Chapter 01: Exploratory Data Analysis Part I#

Exploratory vs Confirmatory data analysis#

Exploratory data analysis (EDA) is the study of: the potential for data to answer hypotheses and how to generate novel hypotheses by the study of relationships between collected information. This is in contrast to confirmatory data analysis. Confirmatory data analysis techniques are hypothesis tests, confidence intervals, statistical estimators—methods by which we seek to understand all possible experiments by observing a smaller number of experiments.

Both analyses are important. We will start with EDA.

Definition of an Experiment#

An experiment is any process that generates an observation. An observation can be measured and this measurement, or data, can be classified into one of several types.

Data Types#

Observations can be classified into: names, grades, ranks, fractions and percentages, counts, amounts, and balances.
This classification system is called the Mosteller-Tukey classification system. There exist other systems and Stevens Typology—classifying data as nominal, ordinal, interval, and ratio—is another popular choice.

Amounts and Counts:#

Both amounts and counts are non-negative values without a necessary upper bound. Amounts are real-valued and counts are integers.

Balances:#

Balances are observations that can be positive or negative real values.

Counted Fractions and Percentages:#

Counted fractions are values \(x/y\) where \(x\) and \(y\) are integers and \(x \leq y\). Percentages are any real value between 0 and 100. Importantly, both counted fractions and percentages are bounded. Fractions are bounded between 0 and 1, and percentages between 0 and 100.

Grades, Ranks, and Names#

In the Mosteller-Tukey classification system there also exist: Names, Grades, and Ranks. We are less likely to use these data classifications in this course, but they should still be briefly discussed.

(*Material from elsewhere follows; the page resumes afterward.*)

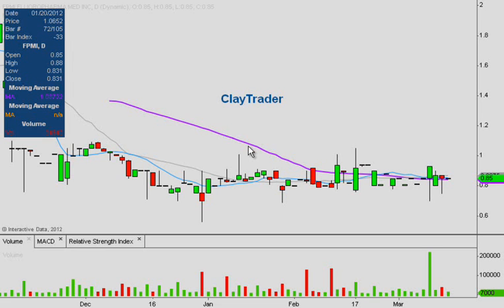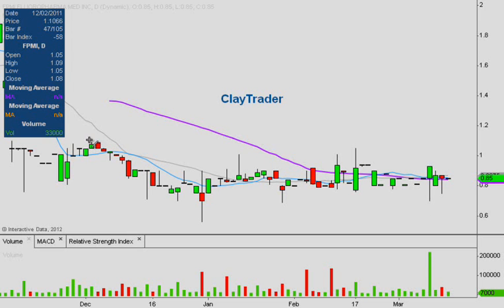Here we are looking at FPMI on the daily chart. We have an interesting setup taking place from two different perspectives: one from the overall pattern that's taking shape, and secondly from the volume perspective. For those of you that follow the video charts or the newsletter, you know that a favorite dynamic of ours is to use volume as a leading indicator, as it traditionally does a good job of forecasting potential upward moves.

Data that can be ‘Graded’ can be assigned one of set of levels. These levels are sorted such that when you compare two graded observations you can say that one observation is ‘higher’ or ‘larger’ than the other. A set of \(N\) observations can be ranked if each observation can be assigned an integer from 1 to N such that an observation with rank \(x\) is larger than an observation with rank \(y\) is \(x>y\). Named data cannot be compared to one another.

Descriptive Statistics#

The goal of descriptive statistics are to characterize a set of observations, or pairs of observations with a smaller set of numbers. Though there is a loss of information by describing a set of \(N\) observations by a smaller \(n<N\) set of numbers, descriptive statistics can help us quickly understand our the data that we have collected and what we can do with this data. Common descriptive statistics are the mean, median, standard deviation etc.

Measures of Central Tendancy#

A measure of central tendency aims to use a single value to describe where observations are most probable. For counted data, a natural measure of central tendency is the mode. Given a dataset of \(n\) observations, \(\mathcal{D} = (d_{1}, d_{2}, \cdots, c_{n})\) the mode is the most frequently occurring value.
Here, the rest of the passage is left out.